- Series: Asterix

Creative team
- Writers: Jean-Yves Ferri
- Artists: Didier Conrad

Original publication
- Date of publication: 24 October 2019
- Language: French

Chronology
- Preceded by: Asterix and the Chariot Race
- Followed by: Asterix and the Griffin

= Asterix and the Chieftain's Daughter =

38th comic book in the Asterix series

Asterix and the Chieftain's Daughter (French: La Fille de Vercingétorix, "The Daughter of Vercingetorix") is the 38th book in the Asterix series, and the fourth to be written by Jean-Yves Ferri and illustrated by Didier Conrad. The book was released worldwide in more than 20 languages on 24 October 2019 with an initial print run of over 5 million copies.

It was the last Asterix book to be released during the lifetime of the series' co-creator Albert Uderzo, who died on 24 March 2020.

==Plot==
One evening, the Gaulish village is visited by two Arverni chieftains, Monolithix and Sidekix, who were lieutenants to Vercingetorix up to the fateful battle of Alesia and thus good acquaintances of Vitalstatistix. They have brought Vercingetorix's daughter Adrenalin, who wears her father's torc, a symbol of Gaulish resistance. Julius Caesar has learned of her existence and wants her taken captive and re-educated to Roman ways. The Arverni chieftains ask Vitalstatistix to keep Adrenalin safe until they can relocate her to Britain, where the Romans will not expect to find her.

Vitalstatistix agrees to protect the girl, assigning Asterix and Obelix as her minders. Rebellious and strong-willed, Adrenalin quickly wearies of the village's adults and befriends the younger generation, particularly Selfipix and Blinix, the eldest sons of Fulliautomatix and Unhygienix respectively. She decides to abscond from her role as a figurehead of war, and her new friends help her sneak out of the village.

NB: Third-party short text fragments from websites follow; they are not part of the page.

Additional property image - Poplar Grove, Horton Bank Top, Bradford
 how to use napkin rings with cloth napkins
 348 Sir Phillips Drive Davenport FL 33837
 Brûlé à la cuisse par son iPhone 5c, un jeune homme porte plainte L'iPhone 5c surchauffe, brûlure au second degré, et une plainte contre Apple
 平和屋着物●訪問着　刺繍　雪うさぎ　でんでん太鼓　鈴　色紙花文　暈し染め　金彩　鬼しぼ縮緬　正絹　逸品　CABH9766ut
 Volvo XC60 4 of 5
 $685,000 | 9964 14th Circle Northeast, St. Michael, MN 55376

A Gaulish traitor named Binjwatchflix has tracked down Adrenalin and put the surrounding Roman garrisons on alert. During the chaotic search between the Gauls, the Romans and Binjwatchflix for her, Adrenalin encounters two of the pirates collecting fresh water and, to Redbeard's consternation, attempts to commandeer their ship in order to sail to Thule to live her life in peace. Asterix and Obelix spot the pirate ship and take up pursuit, along with Selfipix, Blinix and Dogmatix. Additionally, Binjwatchflix has stowed away on the pirate ship. In a rapid sequence of events, the Gauls and pirates are forced to contend with Adrenalin's stubbornness and a Roman galley attacking them. Amid the fighting, Binjwatchflix grabs the girl and the torc and entrenches himself on the pirate ship's lookout post. Obelix rips out the mast, causing the ship to sink and dropping Binjwatchflix and Adrenalin into the sea. Upon climbing into the Gauls' boat, Binjwatchflix is bitten by Dogmatix, causing him to drop the torc into the ocean. He then jumps overboard to swim to safety but is followed by a shark, leaving his fate in doubt.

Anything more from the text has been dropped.